2. Use the moral values that help you practice; lose the ones that don’t. It turns out that getting your words and actions lined up is efficient. Similar is the Bhagavad Gita’s teaching that a yogi remains detached from the fruits of her actions and simply absorbs her attention into doing her best in the present moment. Ashtanga is not about getting an awesome body or a perfect mind or “nailing” some posture; it’s about maintaining some concentration and equanimity for every breath, regardless of what it looks like.

Grasping for results isn’t morally wrong; it’s just not smart. What we can control is our attitude, not the outcome of actions. So why waste energy fretting about what we cannot control?

By the same token, why waste energy fretting about the past? Most of us—myself included—have absorbed a Puritan meta-morality from western culture. This includes a lot of emphasis on moral purity, with a countervailing internal assault team of guilt, shame, self-loathing and regret.

Total waste of energy. Enough already, Hester Prynne. Regrets for the past kill excitement for the present. You are worthy and you are welcome: if the (internal) puritan mobs come for you, laugh at their feeble 17th century weapons and get your lightning speed mulabandha in gear.

3. The drugs. 1 mg of herbal melatonin 30 minutes before bed for the first 2 weeks. Don’t try to wake up at vastly different times on different days. People seem to suffer too much doing that. A key insight of Ayurveda is that the body loves a stable rhythm. Reset the whole system, so your serotonin-melatonin dynamic is stable.

4. The rock’n’roll. Big sound, bright light and a hot shower in the morning are still key. See here.

5. Practice in the body you have today. The corporeal body… and the student body. The new people having the most fun this year are those rolling out your mats near the veterans. People who have practiced for a while embody a tacit (hormonal, energetic, phermonic?) knowledge that does rub off. Get in!
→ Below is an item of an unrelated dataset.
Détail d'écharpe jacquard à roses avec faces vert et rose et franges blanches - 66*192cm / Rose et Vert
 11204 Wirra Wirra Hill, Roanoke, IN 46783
The veterans’ prime time used to be 7-8 am, but like in most Mysore rooms, it’s crept earlier because they just can’t wait to get on the mat. Most newcomers say it helps to know that getting up early for practice is effortless for so many. (For that matter, my alarm now goes off at 3:30 instead of 4; and in Mysore I usually get on the mat at 4:15. And, to be brutally honest, it’s awesome.) For now, our group’s energy is strongest from 6:30 – 7:30. You can come later if you want! But if you need a boost, you’ll get it by jumping in the 6:30 updraft. By contrast, if you arrive when the majority of people are finishing, what you’ll experience is their most calm, grounded, quiet energy. That’s also very nice, but one cannot really draft off it.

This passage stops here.